A headline caught my eye yesterday – Analyst amazed by Alaska Airlines’s ability to fight off Delta, not ‘just roll over and die’. The article, from the Puget Sound Business Journal, goes on to quote IdeaWorks Co. President Jay Sorenson,
“I don’t think it’s gone according to plan for Delta, because Alaska Airlines didn’t just roll over and die,” Sorenson said. “This intense competition seems to have made them (Alaska) into a better airline, and I would never have predicted that outcome.”
I, for one, am not surprised. Alaska Airlines is a unique company, and an airline I’ve long admired. My first experience flying them was…ahem…a few years ago, aboard a Boeing 737-200 combi from King Salmon to Anchorage. I thought they were unique and cool then, and nothing has happened since to change my opinion, nearly 20 years later. Alaska Airlines has a history of innovation and has been a technology leader in the airline business, a characteristic I value. (Image courtesy of Alaska Airlines)
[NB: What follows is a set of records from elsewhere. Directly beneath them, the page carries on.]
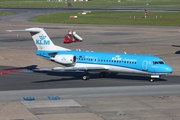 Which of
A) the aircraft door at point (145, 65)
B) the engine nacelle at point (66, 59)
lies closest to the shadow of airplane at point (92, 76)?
the engine nacelle at point (66, 59)

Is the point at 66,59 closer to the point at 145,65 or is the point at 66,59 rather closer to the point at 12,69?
the point at 145,65

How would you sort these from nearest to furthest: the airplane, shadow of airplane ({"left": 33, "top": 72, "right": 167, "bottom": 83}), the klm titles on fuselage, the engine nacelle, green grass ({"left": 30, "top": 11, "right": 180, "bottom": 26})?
the airplane
the engine nacelle
shadow of airplane ({"left": 33, "top": 72, "right": 167, "bottom": 83})
the klm titles on fuselage
green grass ({"left": 30, "top": 11, "right": 180, "bottom": 26})

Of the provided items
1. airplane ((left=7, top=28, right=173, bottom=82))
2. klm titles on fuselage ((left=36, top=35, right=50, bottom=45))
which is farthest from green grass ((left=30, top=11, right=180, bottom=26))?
airplane ((left=7, top=28, right=173, bottom=82))

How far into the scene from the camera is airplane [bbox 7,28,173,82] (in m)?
50.1

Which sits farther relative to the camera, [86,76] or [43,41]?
[43,41]

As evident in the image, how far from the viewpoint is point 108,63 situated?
2040 inches

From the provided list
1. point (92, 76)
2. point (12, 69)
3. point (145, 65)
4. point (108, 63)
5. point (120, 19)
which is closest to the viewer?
point (145, 65)

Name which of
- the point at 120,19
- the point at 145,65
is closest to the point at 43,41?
the point at 145,65

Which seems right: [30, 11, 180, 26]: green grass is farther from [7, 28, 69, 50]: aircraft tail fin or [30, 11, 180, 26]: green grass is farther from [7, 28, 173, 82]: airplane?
[7, 28, 173, 82]: airplane

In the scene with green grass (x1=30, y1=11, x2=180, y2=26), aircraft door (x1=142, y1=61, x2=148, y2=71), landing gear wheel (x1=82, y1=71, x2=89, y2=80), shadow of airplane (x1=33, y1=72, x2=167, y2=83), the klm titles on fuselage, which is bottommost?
green grass (x1=30, y1=11, x2=180, y2=26)

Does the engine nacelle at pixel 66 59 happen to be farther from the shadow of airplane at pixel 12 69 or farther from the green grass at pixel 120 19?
the green grass at pixel 120 19

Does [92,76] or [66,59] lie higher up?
[66,59]

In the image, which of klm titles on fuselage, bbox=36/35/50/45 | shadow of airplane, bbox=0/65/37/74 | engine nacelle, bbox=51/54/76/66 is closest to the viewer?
engine nacelle, bbox=51/54/76/66

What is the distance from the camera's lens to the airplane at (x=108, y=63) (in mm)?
50062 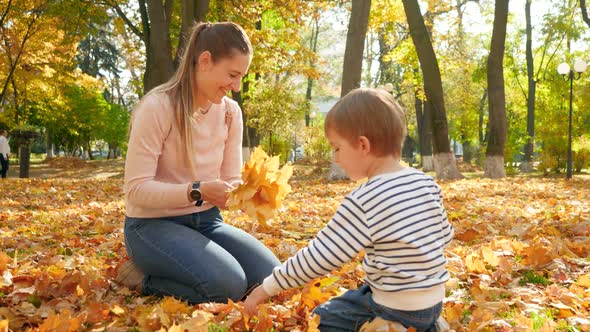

Admittedly, Alaska’s partnership with Delta has not worked out like I thought it might. In retrospect, I probably should have known better, but I digress. Delta is an airline that is not just confident in its well-documented operational capabilities, it is convinced. One might have envisioned that a long term partnership with an airline that dances with multiple partners, notably one of Delta’s largest competitors, would not sit well in the psyche of an Delta’s leaders for the long term. I suppose the possibility exists that Alaska and Delta could get to some kind of equilibrium in Seattle, but I’m not optimistic. Will it be a bad break up? Who knows? But when it happens, I predict Alaska Airlines will still be standing in Seattle.